12/4/11

Grover Cleveland: The Rise of The Labor and Progressive Movement

Many people don't understand that the founders and their successors valued liberty over equality. Various presidents from George Washington all the way up to Cleveland generally adopted this view and the government was looked upon as something to protect people from more than something to help people.

The landscape however had been changing for a while. By the 1880's, people had been leaving their farms and small businesses for factory jobs in the city for decades. While citizens would not generally petition the government to increase their wages or maximize the hours they're required to put in on the job when they actually own the business they're working at, all that changed when the majority of Americans started to work for other people.

For some time, movements had been popping up that favored the interests of labor over capital. 'Free Silver' or the devaluation of U.S. currency had been pushed for a while as a means for the government to bail people out of debt and the movement to give pensions to Civil War veterans had been going on since before Cleveland took office.

In addition, there were immigrants pouring into the country from less stable places in Europe that advocated new and liberal ideas like socialism and anarchism.

Cleveland however continued to hold the view that the government did not exist to provide a safety net for people or create a more equal society. In his first term in 1885, his opposition to new social programs and refusal to have the government intervene in the private economy was not seen as major issue.
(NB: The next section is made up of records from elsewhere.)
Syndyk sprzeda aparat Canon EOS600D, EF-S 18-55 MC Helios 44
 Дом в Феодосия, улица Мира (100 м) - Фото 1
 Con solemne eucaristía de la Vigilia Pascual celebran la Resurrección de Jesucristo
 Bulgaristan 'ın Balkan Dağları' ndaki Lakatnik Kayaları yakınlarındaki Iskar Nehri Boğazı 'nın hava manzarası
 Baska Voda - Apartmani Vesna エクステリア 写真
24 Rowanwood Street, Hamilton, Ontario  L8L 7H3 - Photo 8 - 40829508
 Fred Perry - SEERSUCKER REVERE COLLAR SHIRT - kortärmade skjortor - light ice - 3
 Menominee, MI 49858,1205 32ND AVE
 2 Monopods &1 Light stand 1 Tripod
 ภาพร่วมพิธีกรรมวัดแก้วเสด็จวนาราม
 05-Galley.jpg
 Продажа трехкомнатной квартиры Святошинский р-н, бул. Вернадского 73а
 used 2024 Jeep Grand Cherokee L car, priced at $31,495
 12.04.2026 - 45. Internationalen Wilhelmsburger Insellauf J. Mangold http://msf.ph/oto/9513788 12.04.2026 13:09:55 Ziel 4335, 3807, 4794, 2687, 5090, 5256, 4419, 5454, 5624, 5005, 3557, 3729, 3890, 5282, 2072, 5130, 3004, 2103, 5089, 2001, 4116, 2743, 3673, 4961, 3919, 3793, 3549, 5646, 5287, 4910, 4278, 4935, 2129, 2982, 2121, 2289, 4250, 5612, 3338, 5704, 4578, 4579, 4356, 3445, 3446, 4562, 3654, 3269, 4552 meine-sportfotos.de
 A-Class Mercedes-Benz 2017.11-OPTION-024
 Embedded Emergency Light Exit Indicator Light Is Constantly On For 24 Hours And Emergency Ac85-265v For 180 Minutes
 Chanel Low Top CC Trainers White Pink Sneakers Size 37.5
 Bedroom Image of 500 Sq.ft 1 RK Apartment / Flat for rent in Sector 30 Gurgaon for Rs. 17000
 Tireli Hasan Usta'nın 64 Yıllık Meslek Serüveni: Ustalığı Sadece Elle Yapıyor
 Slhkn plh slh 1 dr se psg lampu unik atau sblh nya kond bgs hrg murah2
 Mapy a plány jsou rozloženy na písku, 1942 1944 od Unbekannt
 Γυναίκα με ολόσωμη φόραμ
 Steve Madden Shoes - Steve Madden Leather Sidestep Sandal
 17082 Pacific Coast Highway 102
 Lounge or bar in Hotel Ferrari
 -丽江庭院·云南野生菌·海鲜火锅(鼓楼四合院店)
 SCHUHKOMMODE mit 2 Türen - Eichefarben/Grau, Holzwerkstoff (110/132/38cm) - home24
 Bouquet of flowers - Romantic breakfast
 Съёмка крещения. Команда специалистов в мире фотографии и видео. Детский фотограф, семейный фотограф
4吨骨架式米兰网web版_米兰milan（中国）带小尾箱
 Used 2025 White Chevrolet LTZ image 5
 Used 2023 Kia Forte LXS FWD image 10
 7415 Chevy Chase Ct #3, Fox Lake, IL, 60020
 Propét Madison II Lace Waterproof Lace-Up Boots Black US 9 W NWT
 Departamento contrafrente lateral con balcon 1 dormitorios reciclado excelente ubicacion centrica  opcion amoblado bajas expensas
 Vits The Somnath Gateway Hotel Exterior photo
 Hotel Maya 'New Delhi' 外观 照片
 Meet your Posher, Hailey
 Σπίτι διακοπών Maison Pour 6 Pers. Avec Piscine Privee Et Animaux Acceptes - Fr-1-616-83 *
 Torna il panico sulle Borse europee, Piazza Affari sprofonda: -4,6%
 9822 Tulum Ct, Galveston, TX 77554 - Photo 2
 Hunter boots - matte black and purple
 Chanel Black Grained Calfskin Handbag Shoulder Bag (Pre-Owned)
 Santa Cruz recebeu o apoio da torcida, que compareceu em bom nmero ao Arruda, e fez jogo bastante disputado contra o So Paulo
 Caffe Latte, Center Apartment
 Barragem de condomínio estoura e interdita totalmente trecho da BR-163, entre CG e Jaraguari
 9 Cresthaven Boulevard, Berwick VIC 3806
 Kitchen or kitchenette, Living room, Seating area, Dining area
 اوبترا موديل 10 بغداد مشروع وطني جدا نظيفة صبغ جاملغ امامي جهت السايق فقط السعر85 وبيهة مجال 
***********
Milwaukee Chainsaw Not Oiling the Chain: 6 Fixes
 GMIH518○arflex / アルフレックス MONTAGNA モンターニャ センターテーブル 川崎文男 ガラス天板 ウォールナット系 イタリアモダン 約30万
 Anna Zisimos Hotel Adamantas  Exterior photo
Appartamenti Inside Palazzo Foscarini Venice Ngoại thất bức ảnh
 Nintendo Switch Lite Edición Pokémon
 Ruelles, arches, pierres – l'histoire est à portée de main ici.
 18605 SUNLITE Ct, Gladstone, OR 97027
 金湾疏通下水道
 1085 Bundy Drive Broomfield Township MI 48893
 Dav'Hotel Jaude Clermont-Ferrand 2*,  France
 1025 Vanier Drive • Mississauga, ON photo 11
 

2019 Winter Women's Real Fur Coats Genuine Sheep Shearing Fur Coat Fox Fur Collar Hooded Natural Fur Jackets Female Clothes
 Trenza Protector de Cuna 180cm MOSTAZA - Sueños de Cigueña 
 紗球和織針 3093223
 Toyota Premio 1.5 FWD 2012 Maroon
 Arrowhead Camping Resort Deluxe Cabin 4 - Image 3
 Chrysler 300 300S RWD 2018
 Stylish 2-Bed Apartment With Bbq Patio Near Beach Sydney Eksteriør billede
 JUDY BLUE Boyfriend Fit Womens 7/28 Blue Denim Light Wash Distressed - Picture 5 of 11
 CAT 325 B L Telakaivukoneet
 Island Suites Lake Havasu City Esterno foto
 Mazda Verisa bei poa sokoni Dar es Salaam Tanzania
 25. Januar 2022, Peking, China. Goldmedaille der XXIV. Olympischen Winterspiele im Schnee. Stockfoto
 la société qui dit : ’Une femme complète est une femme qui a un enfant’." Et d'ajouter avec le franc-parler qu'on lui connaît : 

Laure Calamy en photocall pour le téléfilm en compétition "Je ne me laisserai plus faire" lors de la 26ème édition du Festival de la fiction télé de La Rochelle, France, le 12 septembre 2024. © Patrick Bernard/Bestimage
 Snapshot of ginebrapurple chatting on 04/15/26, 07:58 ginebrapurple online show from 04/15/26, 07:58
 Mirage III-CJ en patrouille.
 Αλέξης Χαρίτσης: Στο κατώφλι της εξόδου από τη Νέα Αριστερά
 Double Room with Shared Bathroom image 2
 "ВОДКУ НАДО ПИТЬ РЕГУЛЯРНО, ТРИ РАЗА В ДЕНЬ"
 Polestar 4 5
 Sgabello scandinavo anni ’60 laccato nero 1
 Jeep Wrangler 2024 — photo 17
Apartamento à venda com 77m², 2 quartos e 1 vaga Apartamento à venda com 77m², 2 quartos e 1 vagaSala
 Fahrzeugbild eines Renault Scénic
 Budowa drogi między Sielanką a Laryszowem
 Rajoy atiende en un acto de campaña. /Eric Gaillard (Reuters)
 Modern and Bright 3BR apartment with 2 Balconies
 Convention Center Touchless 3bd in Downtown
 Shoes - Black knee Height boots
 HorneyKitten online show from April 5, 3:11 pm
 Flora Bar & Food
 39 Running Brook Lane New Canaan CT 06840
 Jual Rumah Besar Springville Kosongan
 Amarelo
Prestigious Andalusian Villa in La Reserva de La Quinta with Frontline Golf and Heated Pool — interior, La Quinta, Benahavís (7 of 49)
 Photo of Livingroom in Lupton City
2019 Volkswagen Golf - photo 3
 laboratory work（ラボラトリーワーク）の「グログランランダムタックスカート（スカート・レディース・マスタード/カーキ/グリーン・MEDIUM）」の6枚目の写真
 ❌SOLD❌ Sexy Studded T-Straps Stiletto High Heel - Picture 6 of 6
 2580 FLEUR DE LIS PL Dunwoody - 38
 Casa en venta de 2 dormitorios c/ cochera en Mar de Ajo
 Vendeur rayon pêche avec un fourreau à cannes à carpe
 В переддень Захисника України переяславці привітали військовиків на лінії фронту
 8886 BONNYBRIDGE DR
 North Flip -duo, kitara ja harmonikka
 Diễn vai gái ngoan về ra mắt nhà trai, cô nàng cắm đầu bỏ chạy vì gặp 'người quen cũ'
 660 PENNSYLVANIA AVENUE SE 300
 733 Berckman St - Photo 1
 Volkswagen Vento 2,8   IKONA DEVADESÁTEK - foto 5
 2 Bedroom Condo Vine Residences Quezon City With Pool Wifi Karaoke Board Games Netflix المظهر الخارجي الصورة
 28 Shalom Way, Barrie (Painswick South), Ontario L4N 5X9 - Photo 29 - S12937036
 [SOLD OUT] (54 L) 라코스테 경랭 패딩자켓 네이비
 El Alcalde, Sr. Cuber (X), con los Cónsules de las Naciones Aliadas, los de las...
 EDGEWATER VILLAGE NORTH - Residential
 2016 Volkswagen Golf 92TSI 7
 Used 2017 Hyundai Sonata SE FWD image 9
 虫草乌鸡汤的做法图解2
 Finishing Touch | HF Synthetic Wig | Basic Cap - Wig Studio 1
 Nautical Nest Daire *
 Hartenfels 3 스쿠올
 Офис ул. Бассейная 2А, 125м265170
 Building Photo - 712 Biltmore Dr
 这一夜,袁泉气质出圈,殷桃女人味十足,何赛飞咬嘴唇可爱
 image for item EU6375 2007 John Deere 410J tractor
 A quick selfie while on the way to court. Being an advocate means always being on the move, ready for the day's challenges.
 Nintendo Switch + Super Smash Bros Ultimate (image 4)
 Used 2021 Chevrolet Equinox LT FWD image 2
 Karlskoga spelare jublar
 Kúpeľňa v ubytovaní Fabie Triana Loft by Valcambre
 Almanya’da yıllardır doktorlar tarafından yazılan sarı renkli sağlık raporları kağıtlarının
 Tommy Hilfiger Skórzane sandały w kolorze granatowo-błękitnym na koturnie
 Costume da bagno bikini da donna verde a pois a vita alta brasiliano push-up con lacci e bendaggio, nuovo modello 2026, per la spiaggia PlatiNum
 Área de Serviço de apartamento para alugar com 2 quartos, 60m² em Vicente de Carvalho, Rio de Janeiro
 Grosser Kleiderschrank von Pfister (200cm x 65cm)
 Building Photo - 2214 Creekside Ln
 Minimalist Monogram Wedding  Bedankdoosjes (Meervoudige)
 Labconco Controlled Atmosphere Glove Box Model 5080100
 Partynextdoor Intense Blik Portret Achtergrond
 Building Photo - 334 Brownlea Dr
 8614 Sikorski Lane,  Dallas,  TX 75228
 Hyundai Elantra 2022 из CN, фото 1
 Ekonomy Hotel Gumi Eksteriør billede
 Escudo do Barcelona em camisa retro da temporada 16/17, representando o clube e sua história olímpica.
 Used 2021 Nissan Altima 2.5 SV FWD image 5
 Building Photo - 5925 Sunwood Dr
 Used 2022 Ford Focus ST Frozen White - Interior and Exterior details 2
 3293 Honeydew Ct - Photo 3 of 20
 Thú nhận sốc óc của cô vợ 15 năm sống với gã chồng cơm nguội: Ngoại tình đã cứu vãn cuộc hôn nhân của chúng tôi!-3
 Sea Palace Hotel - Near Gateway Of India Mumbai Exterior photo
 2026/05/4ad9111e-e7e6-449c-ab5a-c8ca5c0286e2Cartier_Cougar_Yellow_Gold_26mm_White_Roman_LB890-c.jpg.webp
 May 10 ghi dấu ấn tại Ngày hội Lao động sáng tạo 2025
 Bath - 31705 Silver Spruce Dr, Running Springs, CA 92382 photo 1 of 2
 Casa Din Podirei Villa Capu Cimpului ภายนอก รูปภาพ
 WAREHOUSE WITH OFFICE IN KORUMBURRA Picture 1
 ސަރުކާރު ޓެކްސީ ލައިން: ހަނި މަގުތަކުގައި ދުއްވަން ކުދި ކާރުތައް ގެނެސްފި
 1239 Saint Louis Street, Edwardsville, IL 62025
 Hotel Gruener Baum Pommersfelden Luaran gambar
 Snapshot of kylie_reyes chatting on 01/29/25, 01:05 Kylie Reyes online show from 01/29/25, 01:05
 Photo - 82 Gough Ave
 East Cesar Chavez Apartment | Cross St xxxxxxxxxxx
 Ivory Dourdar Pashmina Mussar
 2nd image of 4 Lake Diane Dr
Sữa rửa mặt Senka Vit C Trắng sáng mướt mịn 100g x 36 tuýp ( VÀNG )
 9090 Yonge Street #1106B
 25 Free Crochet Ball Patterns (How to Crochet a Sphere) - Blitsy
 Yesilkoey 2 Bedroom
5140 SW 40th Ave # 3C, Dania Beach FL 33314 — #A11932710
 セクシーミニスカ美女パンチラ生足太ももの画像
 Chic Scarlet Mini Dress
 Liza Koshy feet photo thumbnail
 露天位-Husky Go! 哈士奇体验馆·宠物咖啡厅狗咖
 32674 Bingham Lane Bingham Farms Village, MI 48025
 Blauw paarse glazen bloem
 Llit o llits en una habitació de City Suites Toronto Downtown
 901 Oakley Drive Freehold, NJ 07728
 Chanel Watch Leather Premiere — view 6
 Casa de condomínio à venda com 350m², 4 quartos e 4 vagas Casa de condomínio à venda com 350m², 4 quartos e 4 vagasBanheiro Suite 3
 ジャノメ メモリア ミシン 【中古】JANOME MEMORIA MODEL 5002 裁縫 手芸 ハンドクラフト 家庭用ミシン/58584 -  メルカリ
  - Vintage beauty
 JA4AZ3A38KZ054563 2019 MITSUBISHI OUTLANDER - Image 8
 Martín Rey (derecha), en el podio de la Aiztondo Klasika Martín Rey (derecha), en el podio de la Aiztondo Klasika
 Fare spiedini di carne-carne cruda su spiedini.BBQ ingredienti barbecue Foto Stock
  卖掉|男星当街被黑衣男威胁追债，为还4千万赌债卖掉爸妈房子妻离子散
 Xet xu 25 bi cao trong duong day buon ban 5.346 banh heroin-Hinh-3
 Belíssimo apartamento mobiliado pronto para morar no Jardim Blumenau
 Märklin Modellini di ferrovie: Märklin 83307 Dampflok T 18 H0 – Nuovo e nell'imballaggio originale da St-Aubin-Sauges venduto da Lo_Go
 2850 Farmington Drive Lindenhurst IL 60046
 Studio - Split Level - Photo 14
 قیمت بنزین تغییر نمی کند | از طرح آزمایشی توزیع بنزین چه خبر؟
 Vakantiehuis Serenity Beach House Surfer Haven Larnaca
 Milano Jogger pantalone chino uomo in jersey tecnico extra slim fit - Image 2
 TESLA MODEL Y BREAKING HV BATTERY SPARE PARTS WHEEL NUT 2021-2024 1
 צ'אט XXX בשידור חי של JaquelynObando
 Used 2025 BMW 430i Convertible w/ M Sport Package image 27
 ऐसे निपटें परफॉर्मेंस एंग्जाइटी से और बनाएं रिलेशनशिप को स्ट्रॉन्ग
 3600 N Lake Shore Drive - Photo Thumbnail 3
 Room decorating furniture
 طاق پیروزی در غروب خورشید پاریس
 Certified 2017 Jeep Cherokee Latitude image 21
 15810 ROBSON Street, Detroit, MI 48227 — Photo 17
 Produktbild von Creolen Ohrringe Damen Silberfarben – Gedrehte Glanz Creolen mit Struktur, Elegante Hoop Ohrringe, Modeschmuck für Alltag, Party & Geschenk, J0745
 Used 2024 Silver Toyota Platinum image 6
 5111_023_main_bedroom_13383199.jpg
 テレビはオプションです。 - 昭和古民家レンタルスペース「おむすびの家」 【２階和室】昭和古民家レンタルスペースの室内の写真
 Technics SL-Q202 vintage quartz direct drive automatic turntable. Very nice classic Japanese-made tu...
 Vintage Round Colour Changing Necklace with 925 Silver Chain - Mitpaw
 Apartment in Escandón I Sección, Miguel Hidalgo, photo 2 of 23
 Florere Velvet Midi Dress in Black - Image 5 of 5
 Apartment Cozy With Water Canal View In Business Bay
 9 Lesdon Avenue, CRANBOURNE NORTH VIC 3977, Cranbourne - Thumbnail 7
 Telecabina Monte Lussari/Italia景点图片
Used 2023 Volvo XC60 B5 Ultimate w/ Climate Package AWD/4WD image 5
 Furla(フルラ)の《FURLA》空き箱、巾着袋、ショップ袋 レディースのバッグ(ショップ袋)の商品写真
Although he lost his bid for re-election, it was not because of popular anger at his economic policies.

However, when he was re-elected for a non-consecutive term in 1893, the country was in an economic crisis. Although this crisis was brought on by the 'free silver' policies that he had always been opposed to, he still took the blame for the crisis, or at least for not doing more to fix it. With many Americans out of work, his insistence on restricting government jobs and political appointments stood in direct opposition to the labor forces that were becoming stronger with every passing year.

As the depression continued, Cleveland's refusal to implement some kind of FDR type 'job creation' policy makes him seem out of touch to modern day historians. I think that this is unfair though since he was simply carrying out the widely held view of what government should and should not do that had been in place for more than one hundred years.